有了這樣的土壤,卡梅爾的行政官員里有知名作家、詩人,還有著名演員,也就不足為奇了。其中我們最耳熟能詳的,便是克林特·伊斯特伍德。
車子拐進San Carlos大街和第五大道、第六大道的交會路段,我們又一次迷失方向。好容易才在一個不起眼的小巷看到了木屋外的豬腦袋標志,這才別有洞天。我們的目標并不是旅館,而是小鎮最有名的一個戶外休閑處——Hog’s Breath Inn。
20世紀中,對卡梅爾情有獨鐘的伊斯特伍德,在這里拍了他的處女作。1986年,當他打算自己蓋房時,卻遭遇了種種煩瑣冗長的行政條文。就像他曾扮演過、挑戰官僚世俗的警探哈里一樣,年輕的伊斯特伍德干脆競選鎮長,結果以72%的支持高票當選。短短2年的任期里,卡梅爾蓋房和裝修的審批手續大大簡化,新建了游客停車場和海濱步道,鎮圖書館苦等25年的兒童分館終于建成。
不似他的同道里根或者施瓦辛格,伊斯特伍德并沒有什么政治野心,一切都源自于他的愛鄉之情。這間豬頭標志的Hog’s Breath Inn餐吧開設于70年代。雖然伊斯特伍德早已不再是它的主人,餐吧卻因他而名聲大噪。
暖暖的陽光照下來,在院子的大樹下,點了招牌的洋薊湯,果然別有風味。這里的夜晚人氣也很旺。很多人喜歡在室內的壁爐旁,吃上一頓地道的西海岸大餐。伊斯特伍德的粉絲們來這兒可能會有點失望,這里并沒有太多他的“遺跡”可尋。不過,你可以來份Dirty Harry漢堡,嘗一嘗“警探哈里”的味道。
在黃昏的海邊,我們遇到了一位久居卡梅爾的外鄉人Nancy。
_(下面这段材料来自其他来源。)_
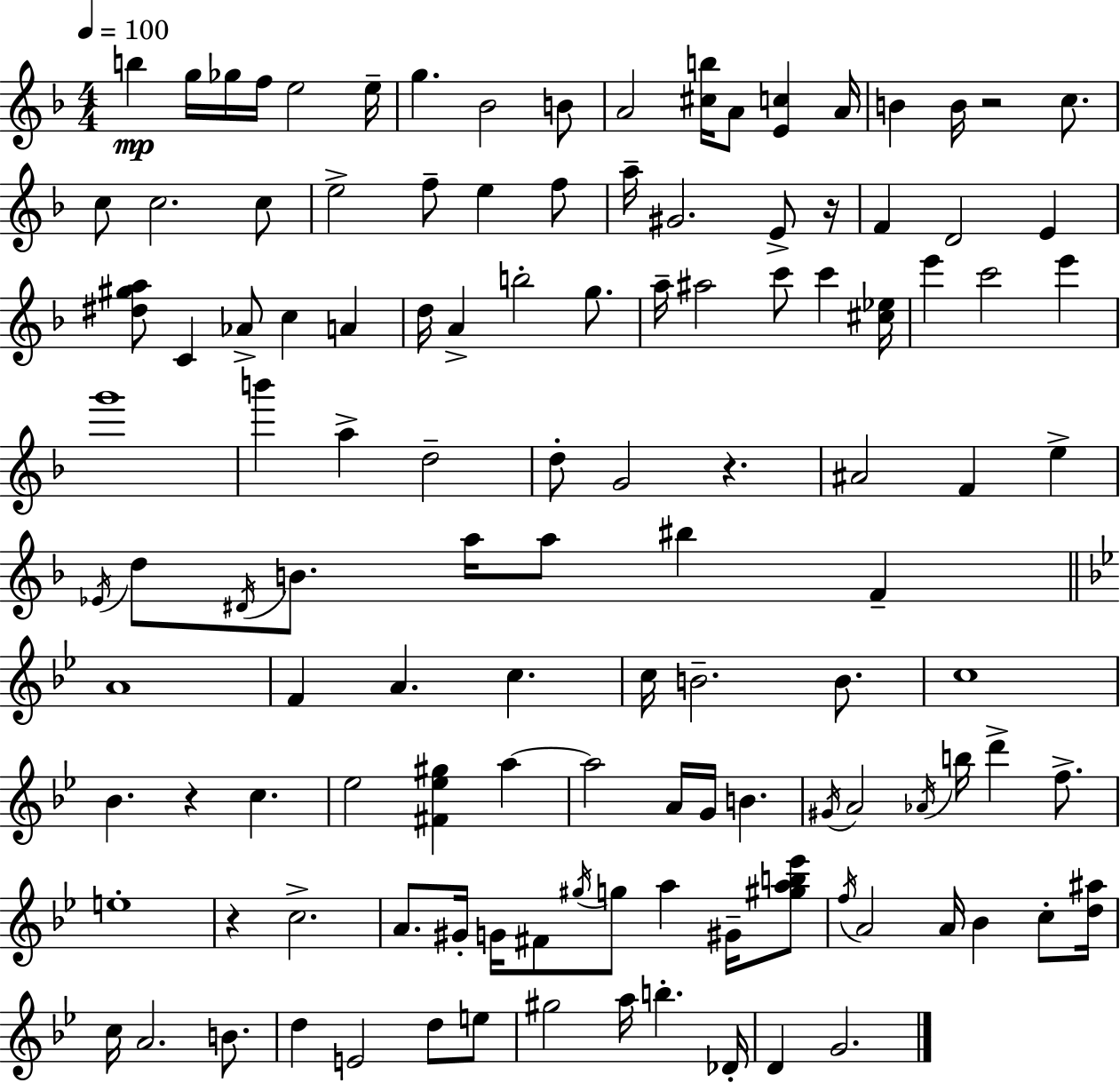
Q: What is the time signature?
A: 4/4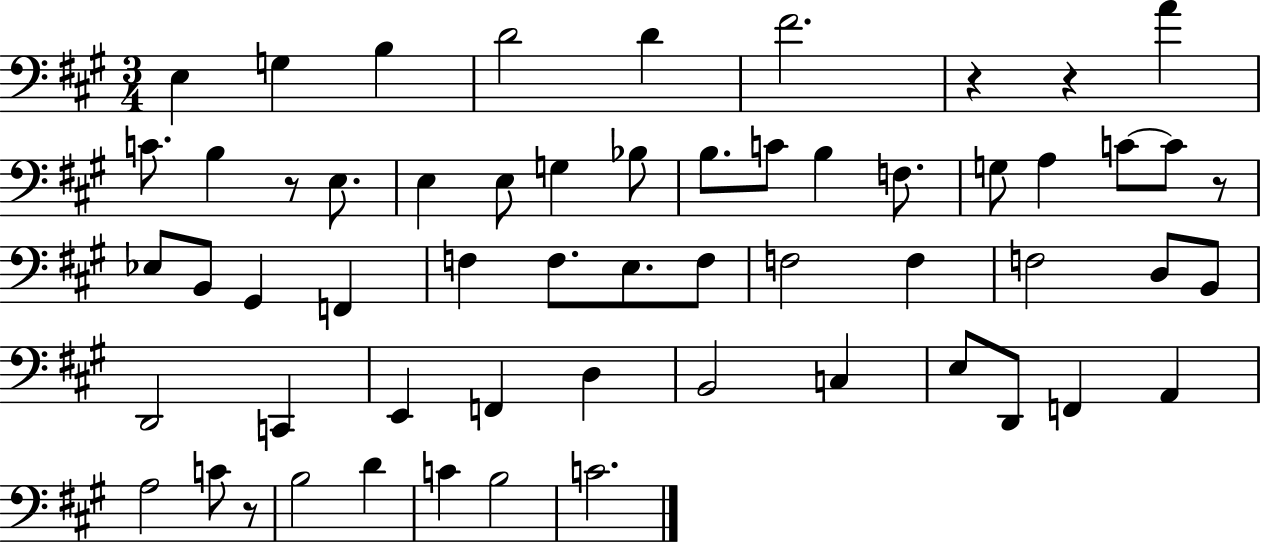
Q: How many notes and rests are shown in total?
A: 58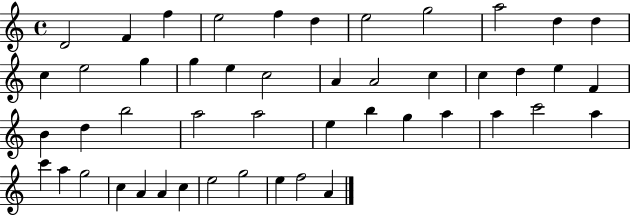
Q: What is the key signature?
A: C major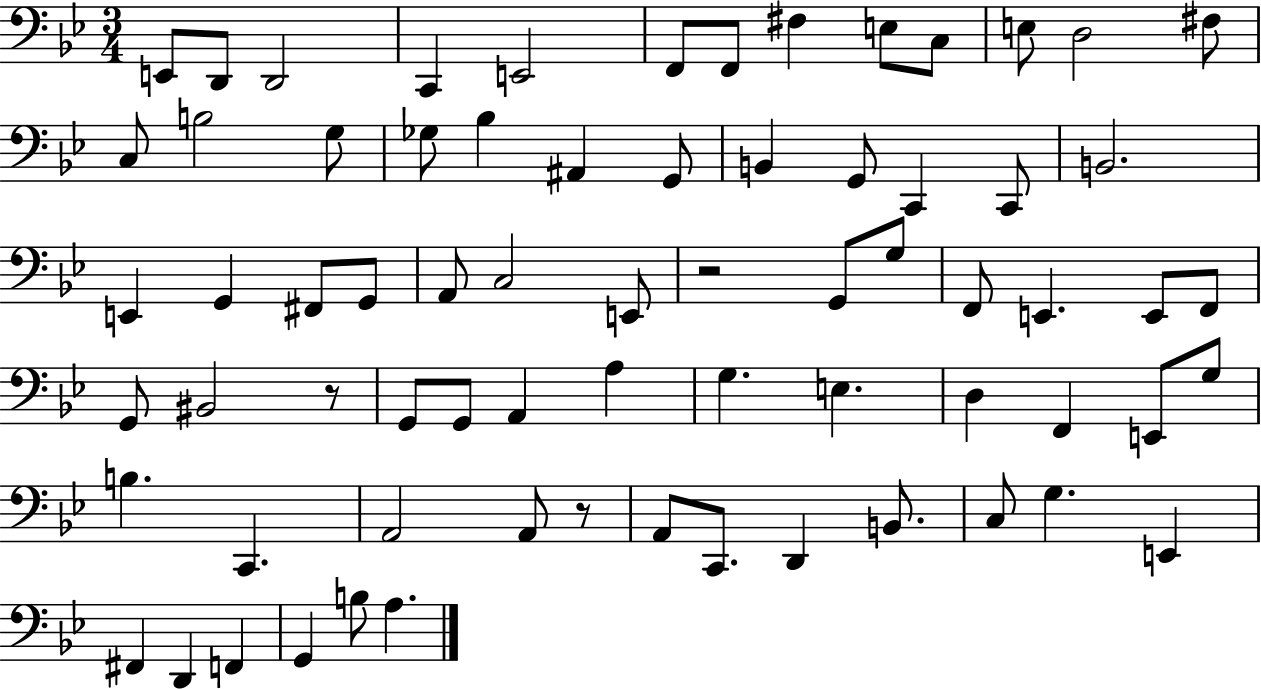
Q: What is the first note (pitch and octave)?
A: E2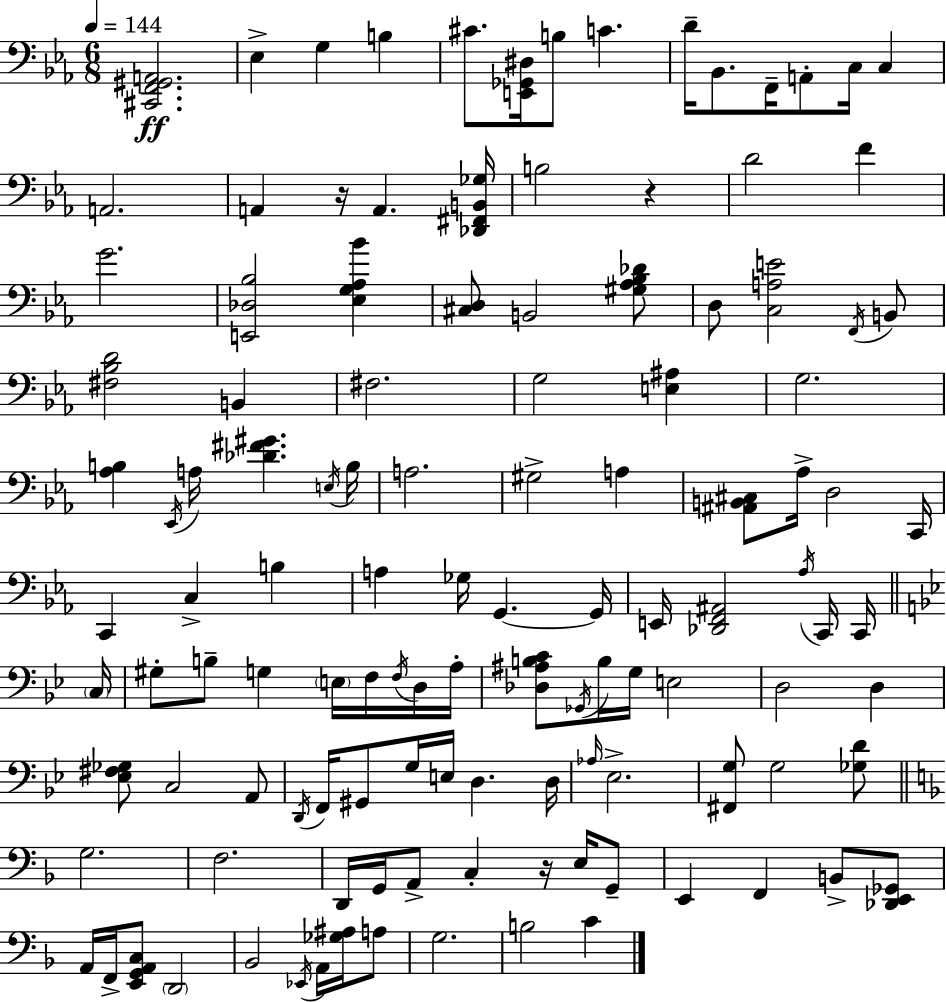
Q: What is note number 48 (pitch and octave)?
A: C2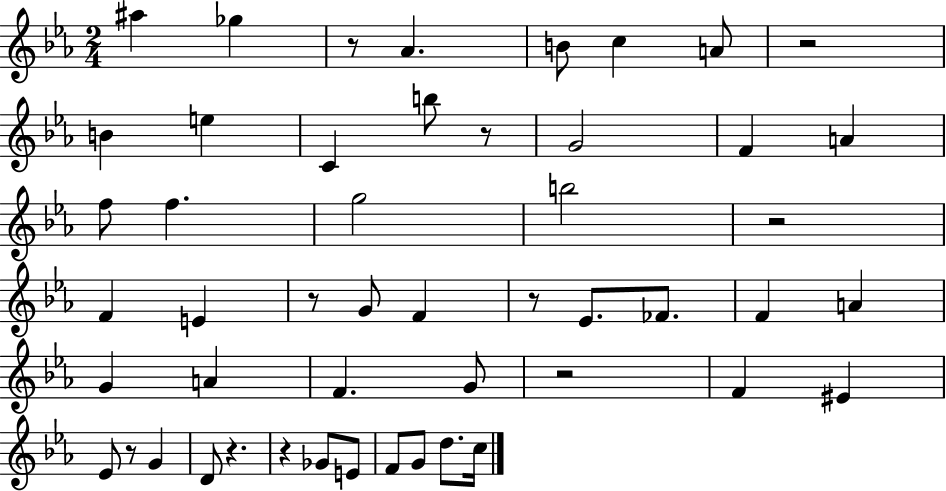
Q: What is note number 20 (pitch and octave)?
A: G4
她聽了我在卡梅爾的足跡,笑著說,這些也都是尋常路。“Carmel Valley, and the ranch.”她說卡梅爾山谷里的陽光好像是蘊積了幾十年。在完全擺脫了游客的山路上徒步、騎車、滑雪,去牧場享受醇正的葡萄酒。那是卡梅爾不為外人知的另一面,也是她心目中的卡梅爾最愛。“有機會,你也應當試試。”